DoubleML/doubleml-for-py

[Bug]: Multi-treatment data creation bug

AlejandroTL opened this issue · 2 comments

Describe the bug

If one want to create an object for a multi-treatment problem, in which each time just a 1-dimensional parameter theta_j for the treatment j is predicted including the rest of treatments /j with the set of covariates X, it outputs an error asking for the use of the option use_other_treat_as_covariate even though it is by default True.

Minimum reproducible code snippet

import numpy as np
import pandas as pd
import doubleml as dml

from doubleml.datasets import fetch_401K

dtypes = data.dtypes
dtypes['nifa'] = 'float64'
dtypes['net_tfa'] = 'float64'
dtypes['tw'] = 'float64'
dtypes['inc'] = 'float64'
data = data.astype(dtypes)

features_base = ['age', 'inc', 'educ', 'fsize', 'marr',
                 'twoearn', 'db', 'pira', 'hown']

# Initialize DoubleMLData (data-backend of DoubleML)
data_dml_base = dml.DoubleMLData(data,
                                 y_col='net_tfa',
                                 d_cols=['e401', 'pira'],
                                 x_cols=features_base,
                                 use_other_treat_as_covariate=True)

Expected Result

I would expect a successful creation of the data object.

Actual Result


ValueError Traceback (most recent call last)
Cell In[6], line 5
1 features_base = ['age', 'inc', 'educ', 'fsize', 'marr',
2 'twoearn', 'db', 'pira', 'hown']
4 # Initialize DoubleMLData (data-backend of DoubleML)
----> 5 data_dml_base = dml.DoubleMLData(data,
6 y_col='net_tfa',
7 d_cols=['e401', 'pira'],
8 x_cols=features_base,
9 use_other_treat_as_covariate=True)

File ~/first_env/lib/python3.8/site-packages/doubleml/double_ml_data.py:151, in DoubleMLData.init(self, data, y_col, d_cols, x_cols, z_cols, t_col, use_other_treat_as_covariate, force_all_x_finite)
149 self.t_col = t_col
150 self.x_cols = x_cols
--> 151 self._check_disjoint_sets_y_d_x_z_t()
152 self.use_other_treat_as_covariate = use_other_treat_as_covariate
153 self.force_all_x_finite = force_all_x_finite

File ~/first_env/lib/python3.8/site-packages/doubleml/double_ml_data.py:634, in DoubleMLData._check_disjoint_sets_y_d_x_z_t(self)
631 # note that the line xd_list = self.x_cols + self.d_cols in method set_x_d needs adaption if an intersection of
632 # x_cols and d_cols as allowed (see https://github.com/DoubleML/doubleml-for-py/issues/83)%3C/span%3E)
633 if not d_cols_set.isdisjoint(x_cols_set):
--> 634 raise ValueError('At least one variable/column is set as treatment variable (d_cols) and as covariate'
635 '(x_cols).
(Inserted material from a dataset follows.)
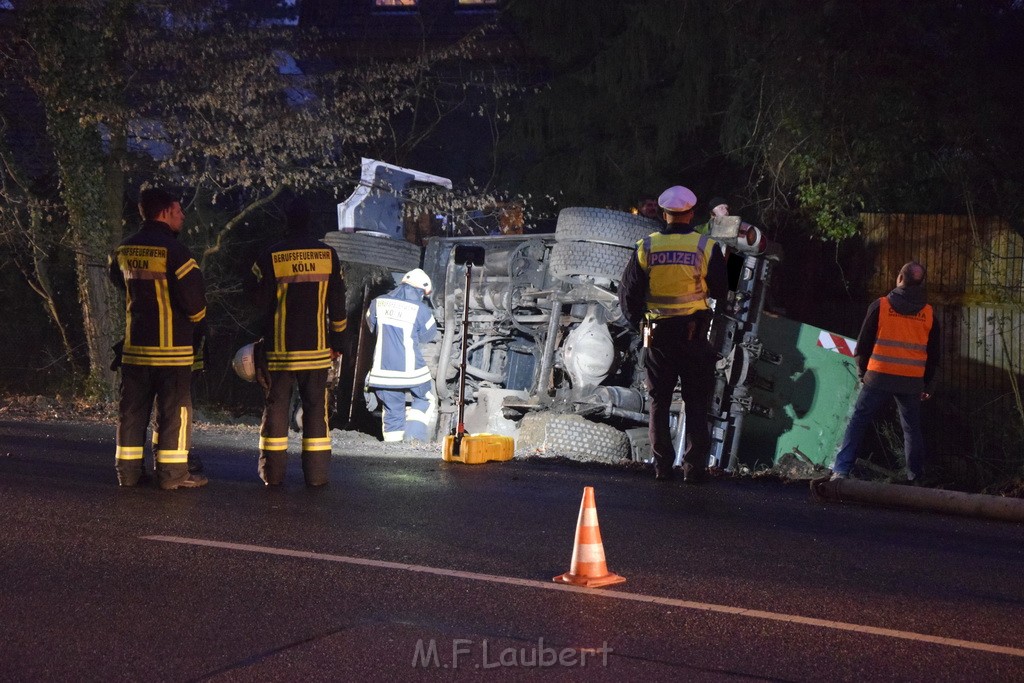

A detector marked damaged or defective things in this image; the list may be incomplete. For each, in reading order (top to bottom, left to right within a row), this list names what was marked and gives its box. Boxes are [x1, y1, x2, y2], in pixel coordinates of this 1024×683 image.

overturned truck [329, 157, 864, 473]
Consider using parameter use_other_treat_as_covariate.')
637 if self.z_cols is not None:
638 z_cols_set = set(self.z_cols)

ValueError: At least one variable/column is set as treatment variable (d_cols) and as covariate(x_cols). Consider using parameter use_other_treat_as_covariate.

Versions

Linux-4.15.0-194-generic-x86_64-with-glibc2.17
Python 3.8.2 (default, Feb 26 2020, 14:31:49)
[GCC 6.3.0 20170516]
DoubleML 0.6.1
Scikit-Learn 1.2.2

Thank you for reporting this.
To fix your issue you simply have to exclude all treatment variables from the covariates.

import numpy as np
import pandas as pd
import doubleml as dml

from doubleml.datasets import fetch_401K
data = fetch_401K(return_type='DataFrame')

dtypes = data.dtypes
dtypes['nifa'] = 'float64'
dtypes['net_tfa'] = 'float64'
dtypes['tw'] = 'float64'
dtypes['inc'] = 'float64'
data = data.astype(dtypes)

features_base = ['age', 'inc', 'educ', 'fsize', 'marr',
                 'twoearn', 'db', 'hown']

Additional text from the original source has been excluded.